Hope, this helps in achieving what you are looking for.

@awais.hafeez
getting issue with aspose while converting from open office to word doc.
Please share a solution.
This document was truncated here because it was created using Aspose.Words in Evaluation Mode.

@Sudha_Mylapalli,

This happens because you are not applying Aspose.Words for Java license before creating Document instance. If you want to test Aspose.Words without the evaluation version limitations, then you can also request a 30-day Temporary License. Please refer to How to get a Temporary License?

A post was split to a new topic: Unable to get bookmarks in Word document

@awais.hafeez
Thanks for your response,still we are facing issues to convert bookmarks from open office to word document.
Adding some more detail documents for your understanding , Please go through this and let us know if you need any clarification from my end.

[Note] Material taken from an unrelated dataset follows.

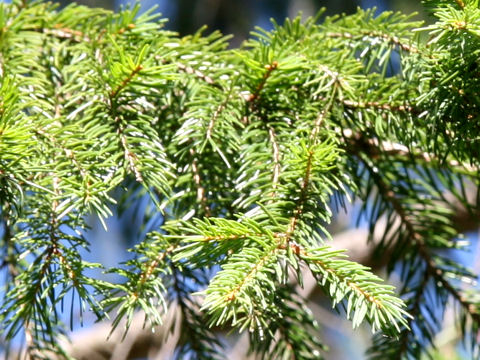 Picea abies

2020-06-03_12-14-31=>in this pic you can see the bookmarks when we do mouse hover at bookmark place in open office doc.

E018 - DEPP Delinquency Notice.odt=>This is source open office file which has bookmarks

Manuallyconverted_word_doc_E018 - DEPP Delinquency Notice.docx=>This is the document which we converted from open office to word manually (you can see our custom bookmarks with V3:B, V3:C).

Aspose_Converted_Test_E018 - DEPP Delinquency Notice.docx=>This is word document which ASPOSE jar converted from open office, Here Bookmarks came as normal text.
We want to automate this kind of conversion using aspose from open office to word.

sample_docx.zip (750.0 KB)

@Sudha_Mylapalli,

What desktop application did you use to generate “Manuallyconverted_word_doc_E018 - DEPP Delinquency Notice.docx” on your end - MS Word or OpenOffice Writer?

Please list the complete steps that you performed in MS Word (or OpenOffice Writer) to create this expected document (Manuallyconverted_word_doc_E018 - DEPP Delinquency Notice.docx). We will then provide you code that will perform the same steps programmatically by using Aspose.Words to get the desired output.